Good luck with this sitch. I know you may think it’s be boring to blog about one guy at a time– and the double standards for men and women and sexual relationships are unfair but protect your heart…first and for most.
your fairy blog sister,
From reading this maybe you are not comfortable with the thought of Mr. Possibility or you sleeping with other people while being emotionally involved with each other. I agree with Cathydinas take a step back and see if you are putting more into this potential relationship than he is? And if you guys are going to have sex again, after his little sexapade then you guys need to be tested for STDS to be on the safe side. Who knows what he could have possibility picked up while being with someone else in another country
It’s the story of the great divide between men and women, and more particularly – the moment a man sleeps with someone else, we internalise it and think it’s our fault ‘what did I do wrong’. Nothing. HE slept with someone else, not you. I agree it doesn’t make him a bad person per se, in light of the agreement you two reached it seems he was well within his ‘rights’. He was free to do what he wants. But perhaps that’s the truth of it – He IS free to do what he wants, and this is what he chose to do… I would say your worth someone choosing that what he wants is YOU (and only you).
Just a thought…
I agree with all the comments before me.When my boyfriend and I started seeing each other(long distance relationship) I had said to myself it was fine if he dated other girls or slept with them because we where not in a relationship,however if he had we would not be in a relationship now.
Even if he did not intend to do it to hurt you or to be unfaithful(since he wasn’t technically being unfaithful) it still shows,like the others have said, that he isn’t fully interested in committing to it.
Of course that doesn’t mean he never will be,but are you willing to wait for him to be?
Linds I don’t think you are unjustified in being hurt at all. It kind of irks me that these days we have to try to ignore the deep feelings in our hearts and guts that non-exclusive relationships are not ok. Love and romantic relationships aren’t meant to be open. We are engineered towards monogamous relationships. Of course you are hurt and feel a little betrayed. I think part of the reason so many women have trouble finding secure and trusting relationships is because they DON’T demand more. They don’t demand exclusivity and courtship. It goes back to your post about giving a damn. Women used to be respected and courted and it was left to their decision whether a guy was good enough. Somewhere along the lines that role switched and now I feel many women diminish themselves to a vague version of themselves just to try to land and hold onto a guy. I say trust your feelings!
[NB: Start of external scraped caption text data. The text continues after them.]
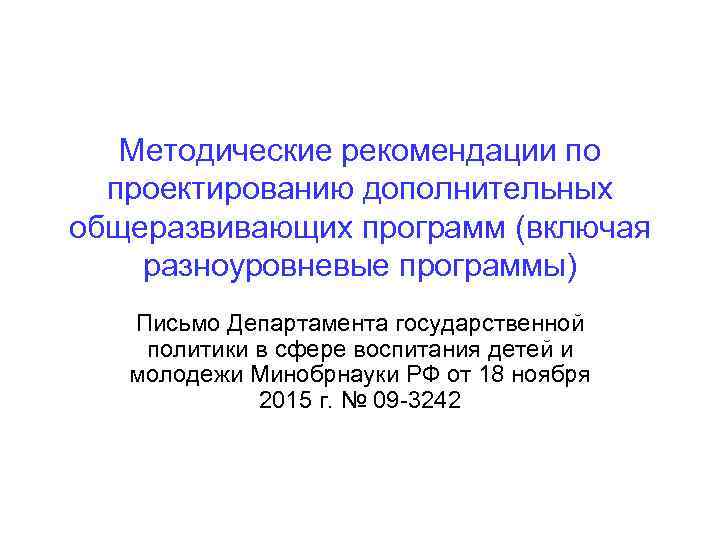 Методические рекомендации по проектированию дополнительных общеразвивающих программ (включая разноуровневые программы) Письмо Департамента государственной политики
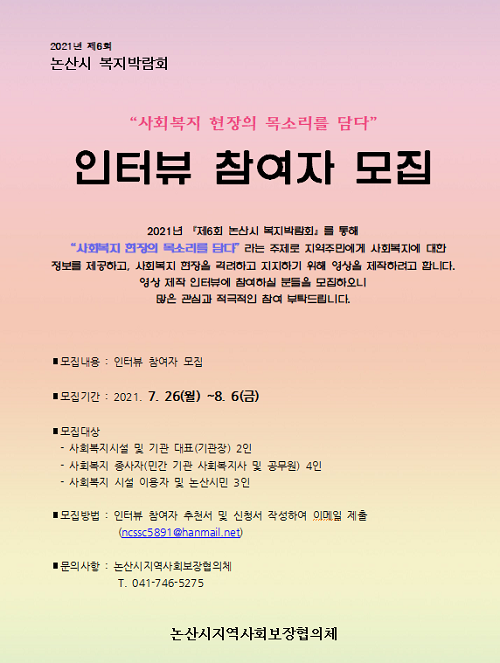 ▲ 제6회 언택트 복지박관람회 인터뷰 참여자 모집 포스터.ⓒ논산시
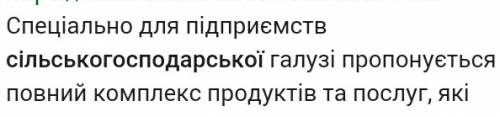 Скласти речення з словам сільско-господарский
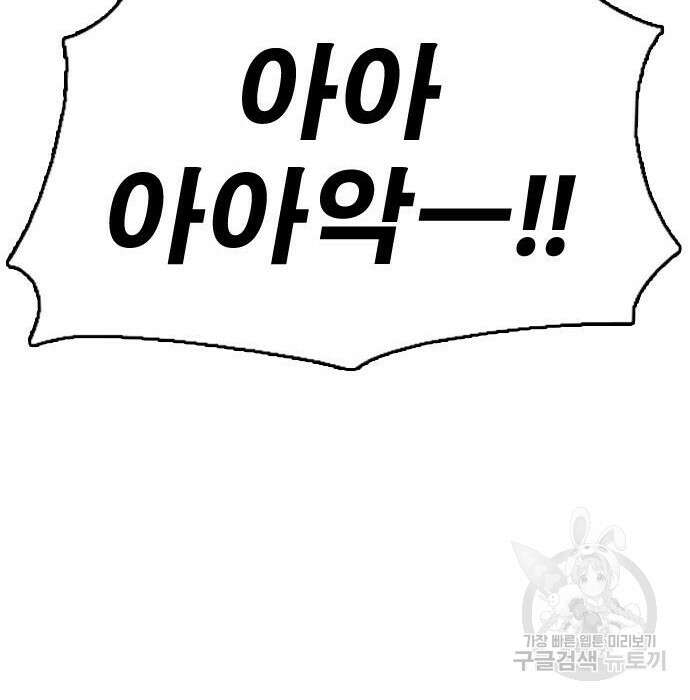 프리드로우 482화 157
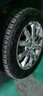 固鉑（Cooper）汽車(chē)輪胎 225/55R18 102H  ATT 適配IX35/歐藍德/CS55 曬單實(shí)拍圖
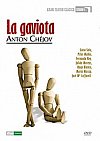 La Gaviota (Estudio 1)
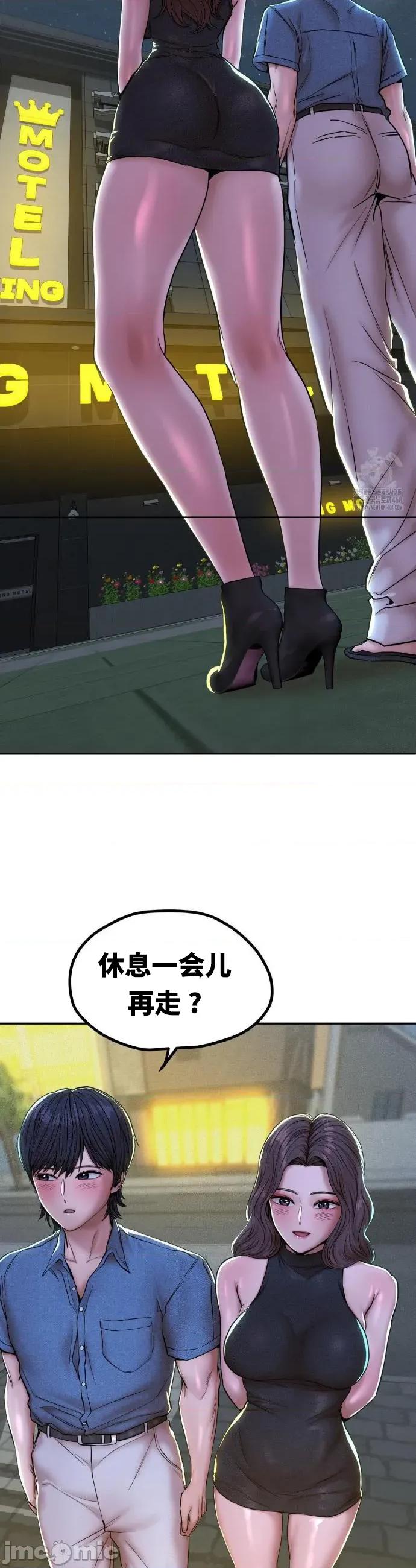 光怪陆离的现实生活 光怪陆离的现实生活 53 第10页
Good points made by everyone. However, only Lindsay can say what’s right for her. We can all have our opinions, but ultimately it’s her decision. In that light, I will give my opinion. It’s not technically a betrayal, but it’s obvious that there is a disconnect with what you expected and what happened. It’s a good opportunity for some powerful communication to see if you are on the same page. If not, maybe it’s time to ditch this one. If you are trying to build something, you have to make sure you are trying to build the same something. You really have to take it one day at a time. We only have today right now. Not tomorrow. Projecting into the future is futile. Decide what you can tolerate today.
i have to respectfully disagree with the other commenters. i feel like making a rule that you’re allowed to see and sleep with other people – and then letting the fact that he followed that rule interfere with your burgeoning relationship – is exactly what makes so many men think that all women do is play games. i don’t think it says anything one way or another about whether or not he’s interested in fully committing to you – what DOES speak to that is when you guys decide (if you do) to be exclusive. since that hasn’t been decided – all has been fair thus far, in my opinion. it’s not fair to say “x is an okay thing to do…but don’t do it”.
i applaud you for taking the step back and realizing that it doesn’t have anything to do with you, and i can completely respect and appreciate that this has introduced some insecurity into your relationship – but i think if it’s truly not ok with you that he see/sleep with other girls while you guys are “courting”, then you guys may need to agree upon some new rules.
I think Dominique is Mr. Possibility in disguise lol ;-)
I can’t speak for anyone else.
But speaking for myself, if I were in that situation, and I have been several times before- I tend to stop taking things so seriously.
It’s sort of like me saying “Oh. I see. You didn’t take me that seriously? I will treat you with the same amount of ‘serious’ that you treated me with. And if it doesn’t work out, that’s ok. You didn’t earn it anyway.”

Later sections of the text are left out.